À propos de théâtre et, aussi, d’homophobie (une personne LGBT agressée, selon le rapport 2018 de SOS Homophobie, en France, tous les trois jours…), il y a une pièce qu’il faut voir, en ce moment, à Paris. C’est, au Théâtre Antoine, le « Pourvu qu’il soit heureux », de Laurent Ruquier. Tout y est. Tous les mauvais clichés. Tous les réflexes conditionnés. Toute la bêtise instruite depuis l’invention (Michel Foucault, Jean-Paul Aron…) du « sexe » occidental. Et, par la grâce d’un renversement dramaturgique à la fois savant et vertigineux, la sorte de schizophrénie à laquelle nul n’est jamais certain, en ces matières, d’échapper. On rit et on pleure. On se moque des autres et de soi. On se surprend à penser, comme Huster et Cottençon, une chose et son contraire. L’engagement, d’habitude, va avec la théâtralisation assertorique, dogmatique, d’une idée simple. Ici, c’est le contraire : des personnages hypothétiques, compliqués, divisés avec eux-mêmes – et à qui on vient dire : « malheur aux hommes oublieux du secret qu’ils ignorent ! honte à qui ne veut rien savoir ni entendre de ce qu’il se cache à lui-même ». Ce pour quoi la pièce est efficace.

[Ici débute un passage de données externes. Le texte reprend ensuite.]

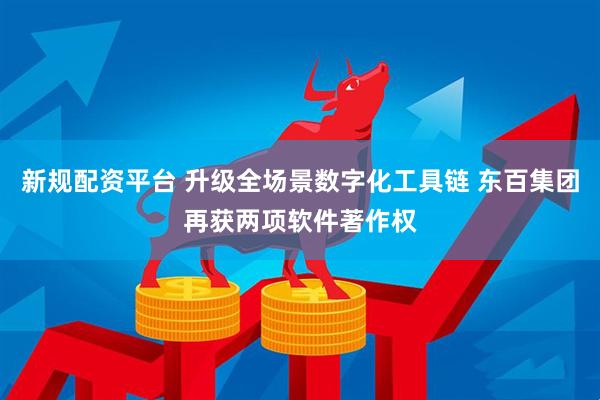 新规配资平台 升级全场景数字化工具链 东百集团再获两项软件著作权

Ce vers de Virgile que Freud place en ouverture de « L’interprétation des rêves » : « si je ne peux fléchir les dieux, au moins saurai-je émouvoir le fleuve des ombres ».

Réponse à Philippe Boggio, qui envisage, me dit-on, d’actualiser la biographie qu’il m’a consacrée, il y a quinze ans, à La Table ronde. Comme vous voudrez. Mais souvenez-vous de ce que disait Fitzgerald. Il n’y a jamais de bonne biographie d’un écrivain. Il ne peut pas y en avoir. Car, si l’écrivain est vraiment bon, il est trop de personnes à la fois.

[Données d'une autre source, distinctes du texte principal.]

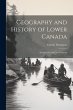 Geography and History of Lower Canada:... - Bild 1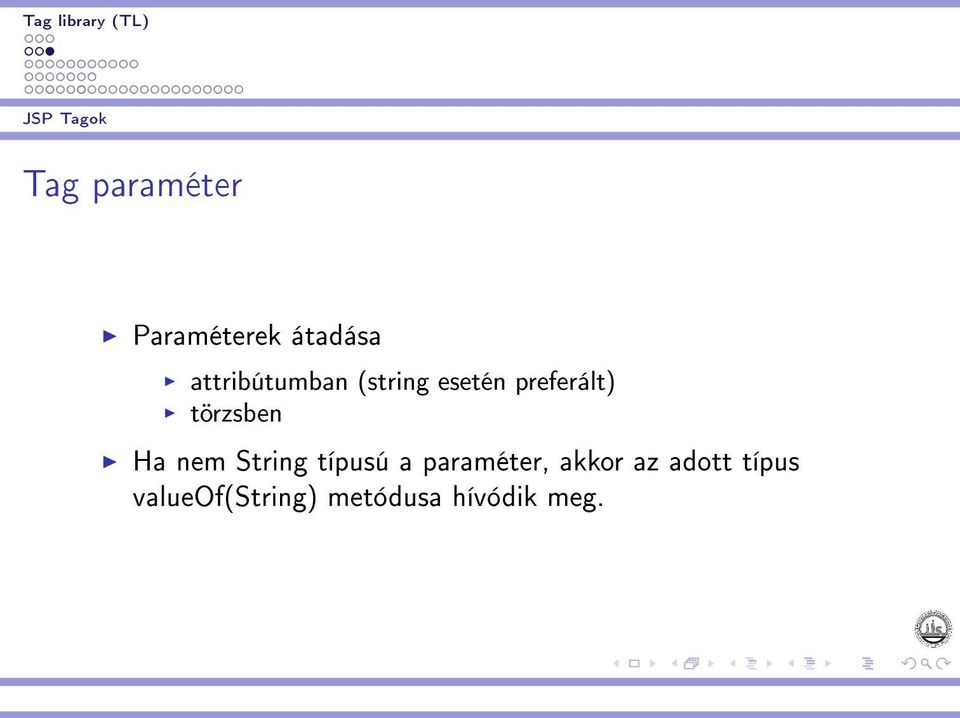 törzsben Ha nem String típusú a paraméter,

Raymond Roussel calculait qu’il avait travaillé quinze heures sur chaque vers des « Nouvelles impressions d’Afrique ». Un jeune écrivain d’aujourd’hui raconte qu’il a écrit son dernier factum d’un trait, au fil de la plume. Qui ment ? Et où est la littérature ?

Et puis un tout dernier mot, quand même, sur cette affaire de Gilets jaunes. Pas un mouvement de masse, dit Castaner – et il a raison. Mais un événement ? Un vrai ? L’un de ceux qui, comme dit l’apôtre, surviennent comme des voleurs dans la nuit ? Là, personne ne sait.